→ INSTRUCTIONS FOR THE TASK:
Go through the listing below and output exactly the line with "Alaska Grey Black", the line with "Saturn Tubular Stainless", and each line between; omit the rest.

*** DATA RECORDS Section Begins ***

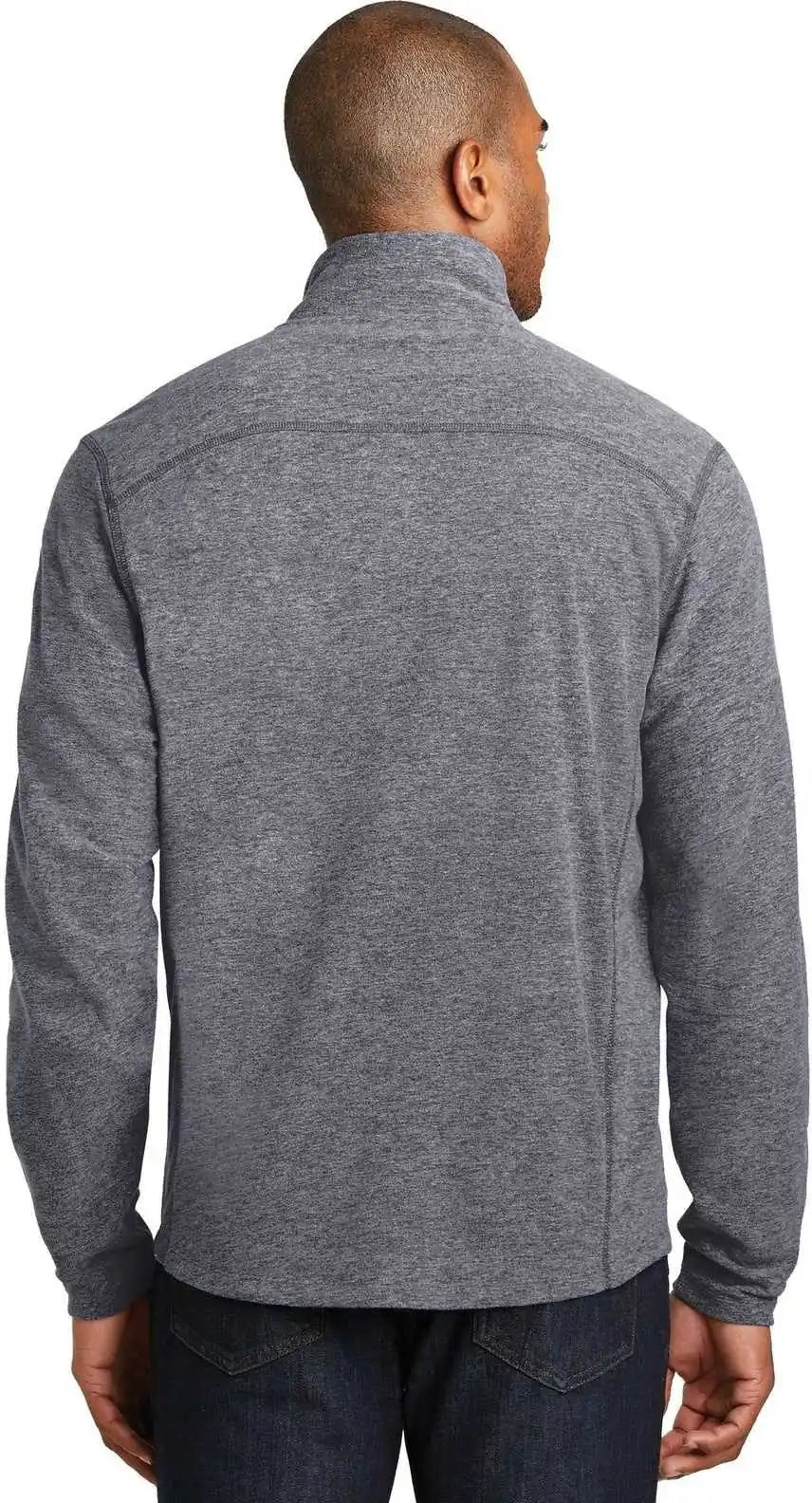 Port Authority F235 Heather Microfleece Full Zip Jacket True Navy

*** DATA RECORDS Section Ends ***
*** DATA RECORDS Section Begins ***

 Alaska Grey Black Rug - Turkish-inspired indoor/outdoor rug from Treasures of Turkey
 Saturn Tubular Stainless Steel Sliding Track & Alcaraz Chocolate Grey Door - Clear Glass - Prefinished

*** DATA RECORDS Section Ends ***
*** DATA RECORDS Section Begins ***

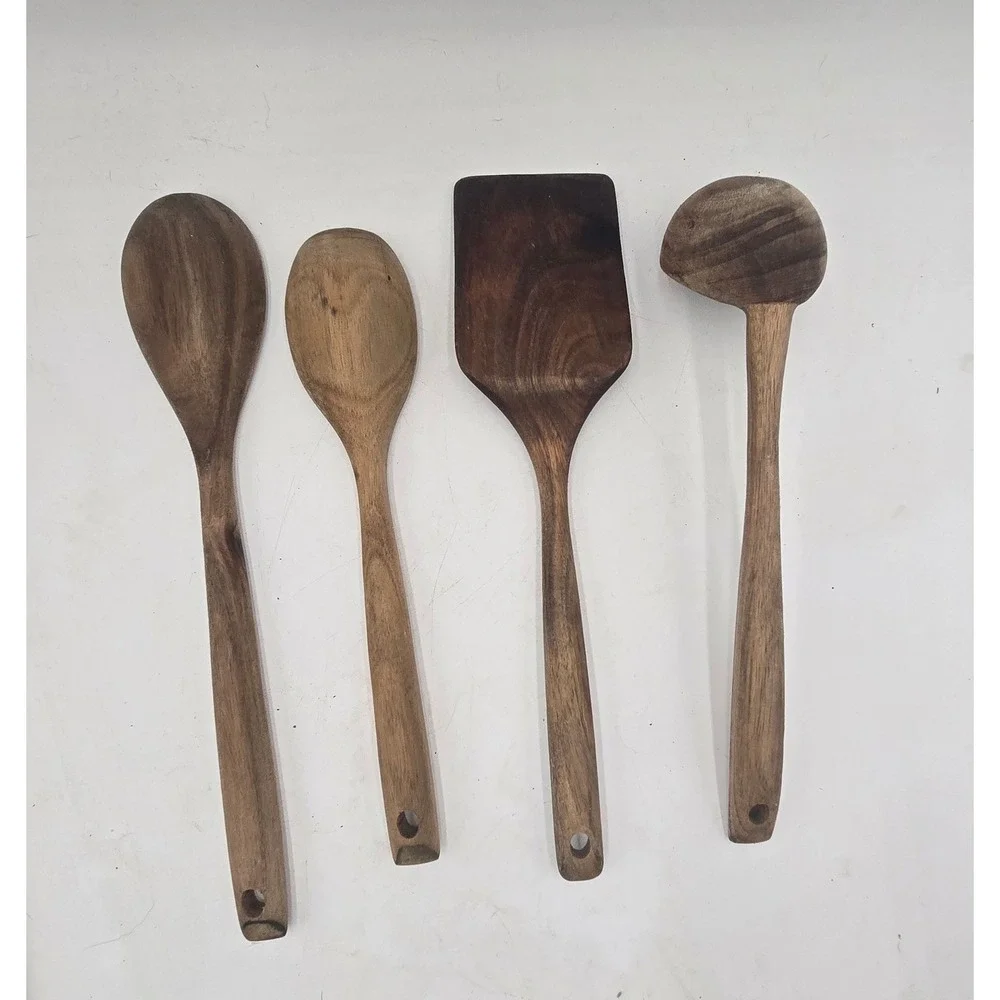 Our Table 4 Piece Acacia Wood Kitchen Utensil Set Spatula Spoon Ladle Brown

*** DATA RECORDS Section Ends ***

→ OUTPUT BELOW:
 Alaska Grey Black Rug - Turkish-inspired indoor/outdoor rug from Treasures of Turkey
 Saturn Tubular Stainless Steel Sliding Track & Alcaraz Chocolate Grey Door - Clear Glass - Prefinished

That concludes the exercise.